Extracted information >>

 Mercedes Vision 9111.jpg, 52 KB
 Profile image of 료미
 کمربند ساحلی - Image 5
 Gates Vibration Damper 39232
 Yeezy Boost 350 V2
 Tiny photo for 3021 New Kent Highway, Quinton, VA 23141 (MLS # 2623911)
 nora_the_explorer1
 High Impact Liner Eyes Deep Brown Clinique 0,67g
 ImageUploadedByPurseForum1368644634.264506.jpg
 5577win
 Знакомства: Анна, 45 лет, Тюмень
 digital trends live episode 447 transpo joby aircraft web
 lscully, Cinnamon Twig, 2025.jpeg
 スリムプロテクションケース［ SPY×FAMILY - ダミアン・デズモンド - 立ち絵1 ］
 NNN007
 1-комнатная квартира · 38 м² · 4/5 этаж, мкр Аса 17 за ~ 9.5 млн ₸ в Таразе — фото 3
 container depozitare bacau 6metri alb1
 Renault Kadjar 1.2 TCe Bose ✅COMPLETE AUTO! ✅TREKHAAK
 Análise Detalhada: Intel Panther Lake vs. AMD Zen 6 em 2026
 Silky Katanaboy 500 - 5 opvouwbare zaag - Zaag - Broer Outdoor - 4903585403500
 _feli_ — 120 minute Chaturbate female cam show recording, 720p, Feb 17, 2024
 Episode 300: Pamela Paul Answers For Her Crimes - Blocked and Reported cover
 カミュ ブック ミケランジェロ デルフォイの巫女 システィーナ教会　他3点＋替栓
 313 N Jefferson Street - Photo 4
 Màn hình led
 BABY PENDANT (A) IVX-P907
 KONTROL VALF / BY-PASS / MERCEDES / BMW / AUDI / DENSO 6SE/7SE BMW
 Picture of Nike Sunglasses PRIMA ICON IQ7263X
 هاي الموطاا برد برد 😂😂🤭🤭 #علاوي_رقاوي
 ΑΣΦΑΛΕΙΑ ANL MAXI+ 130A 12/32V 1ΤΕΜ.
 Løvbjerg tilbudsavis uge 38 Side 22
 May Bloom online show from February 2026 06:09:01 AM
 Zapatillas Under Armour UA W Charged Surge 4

Directions for this task >> The lines above starting at the one that contains "container depozitare bacau 6metri alb1" and ending at the one that contains "Episode 300: Pamela" must be transcribed exactly, and no other lines may appear.

Result for this exercise >>
 container depozitare bacau 6metri alb1
 Renault Kadjar 1.2 TCe Bose ✅COMPLETE AUTO! ✅TREKHAAK
 Análise Detalhada: Intel Panther Lake vs. AMD Zen 6 em 2026
 Silky Katanaboy 500 - 5 opvouwbare zaag - Zaag - Broer Outdoor - 4903585403500
 _feli_ — 120 minute Chaturbate female cam show recording, 720p, Feb 17, 2024
 Episode 300: Pamela Paul Answers For Her Crimes - Blocked and Reported cover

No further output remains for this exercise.